Unfortunately, a cursory glance at last night's events serves as a reminder that only a fool would declare that British politics and our public discourse have hit rock bottom. It may not do so for some time. 

George Galloway, a man who has made a living hitching his wagon to the politics of division, has been elected to parliament following the Rochdale by-election. This is his third political party and fourth seat, though Galloway has only one constituency: himself.

His victory was only made possible by an implosion in Labour, forced to withdraw support from its candidate, Azhar Ali, after it emerged he had engaged in antisemitic conspiracy theories at a party meeting.

At roughly the same time as votes were being counted in Rochdale, a council meeting in Newham had to be halted when the borough’s only Jewish councillor, Joshua Garfield, was subjected to boos and hisses by pro-Palestinian activists in the public gallery during a debate on the budget.

As our political correspondent Rachael Burford reports, it was alleged that those making noises were supporters of Newham Independents, the opposition group on the council. The party is led by former Labour member Mehmood Mirza, who was suspended by the party in 2020 after being accused of antisemitism.

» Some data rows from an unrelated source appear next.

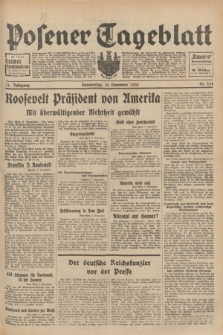 Posener Tageblatt. Jg.71, Nr. 258 (10 November 1932) + dod.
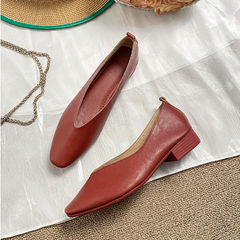 2020 Spring Women's Comfortable Soft Leather Flats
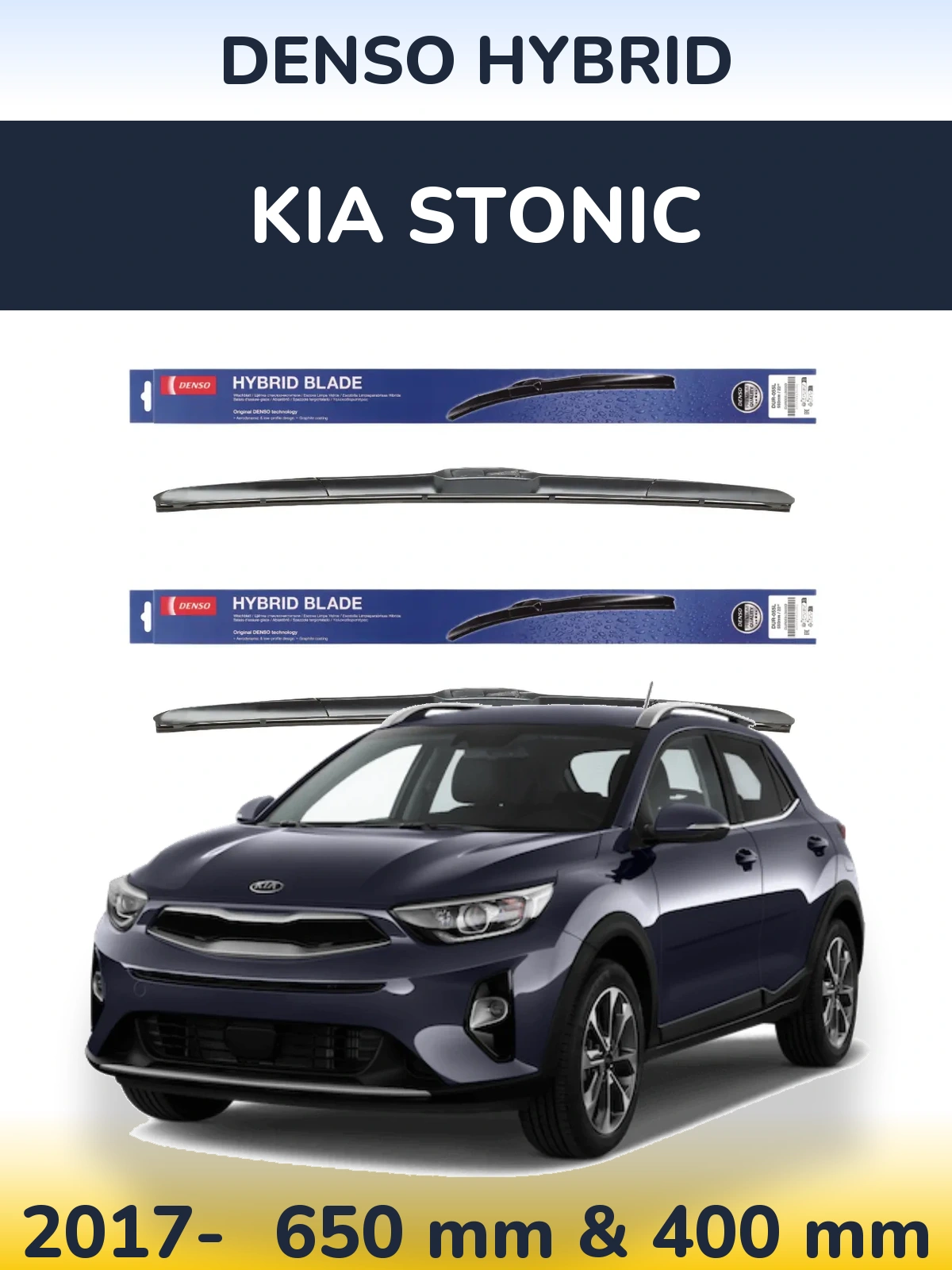 Ștergătoare Denso Hybrid pentru KIA Stonic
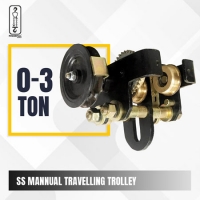 Geared I-beam Travelling Trolley Load Capacity 3000 kg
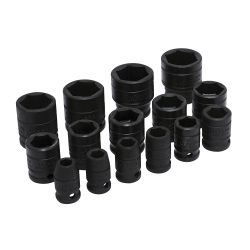 JUEGO DE 15 DADOS DE IMPACTO URREA 74104 EN PULGADAS 1/2''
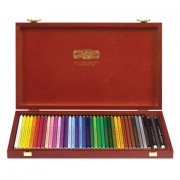 Карандаши цветные KOH-I-NOOR 'Polycolor', 36 цветов, грифель 3,8 мм, заточенные, деревянный ящик, 3895036001DK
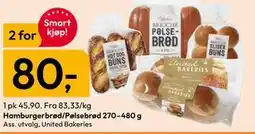 Gigaboks Hamburgerbrød/Pølsebrød 270–480 g tilbud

Of course, it was only last weekend that former Tory deputy chair, Lee Anderson, launched an Islamophobic attack on Sadiq Khan, when he suggested that Islamists had “got control of Khan” and “control of London”. The response of the Conservative Party was underwhelming at best. Anderson lost the whip while the prime minister called his comments "wrong", but neither he nor Susan Hall, writing in the Standard on Monday, specifically called them Islamophobic.

Speaking of whom, on Saturday the mayor is set to address Labour’s London conference during which, as our City Hall editor Ross Lydall reports, he will describe Hall as the “most divisive candidate the Tories have ever put up in London” in what Ross describes as a dramatic escalation of the battle for City Hall.

Meanwhile, MPs are being threatened and millions are being spent on additional security, anti-Jewish hate incidents are at record highs while Islamophobic attacks have surged with Muslim women bearing the brunt. In this context, and with the thermometer registering ever higher numbers, the return of Galloway to parliament is scarcely what the doctor ordered.

It's not always obvious when rock bottom has been hit. Perhaps we won't know until, or even if, things begin to get better. As for now, I keep returning to – of all things – a 1959 lecture by the great American theoretical physicist, Richard Feynman, entitled: There's plenty of room at the bottom. He was talking about atoms, of course, but I always inferred a broader meaning.